(Listed entries Opens)
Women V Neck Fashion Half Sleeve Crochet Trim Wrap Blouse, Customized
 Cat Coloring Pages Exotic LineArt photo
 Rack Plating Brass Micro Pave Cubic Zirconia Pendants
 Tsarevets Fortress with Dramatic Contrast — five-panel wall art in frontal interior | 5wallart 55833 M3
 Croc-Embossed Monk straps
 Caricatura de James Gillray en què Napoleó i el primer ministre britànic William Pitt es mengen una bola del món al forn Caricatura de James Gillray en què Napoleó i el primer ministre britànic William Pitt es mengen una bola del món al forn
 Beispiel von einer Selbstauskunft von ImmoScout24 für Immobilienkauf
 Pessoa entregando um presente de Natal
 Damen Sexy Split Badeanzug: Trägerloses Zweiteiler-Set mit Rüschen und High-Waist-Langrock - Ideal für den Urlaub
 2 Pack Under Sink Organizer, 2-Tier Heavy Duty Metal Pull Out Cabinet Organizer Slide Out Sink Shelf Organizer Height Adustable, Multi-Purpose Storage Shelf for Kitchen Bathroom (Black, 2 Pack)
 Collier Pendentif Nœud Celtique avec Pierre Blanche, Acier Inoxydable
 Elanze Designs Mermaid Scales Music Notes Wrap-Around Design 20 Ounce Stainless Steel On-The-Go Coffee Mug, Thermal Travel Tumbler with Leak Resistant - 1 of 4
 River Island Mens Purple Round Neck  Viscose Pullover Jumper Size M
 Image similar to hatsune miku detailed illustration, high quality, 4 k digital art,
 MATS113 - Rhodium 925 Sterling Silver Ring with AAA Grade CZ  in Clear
(Listed entries Closes)
= What is needed =
Bring together all lines of the entries above in which the string "Wrap" occurs.

= Task answer =
Women V Neck Fashion Half Sleeve Crochet Trim Wrap Blouse, Customized
 Elanze Designs Mermaid Scales Music Notes Wrap-Around Design 20 Ounce Stainless Steel On-The-Go Coffee Mug, Thermal Travel Tumbler with Leak Resistant - 1 of 4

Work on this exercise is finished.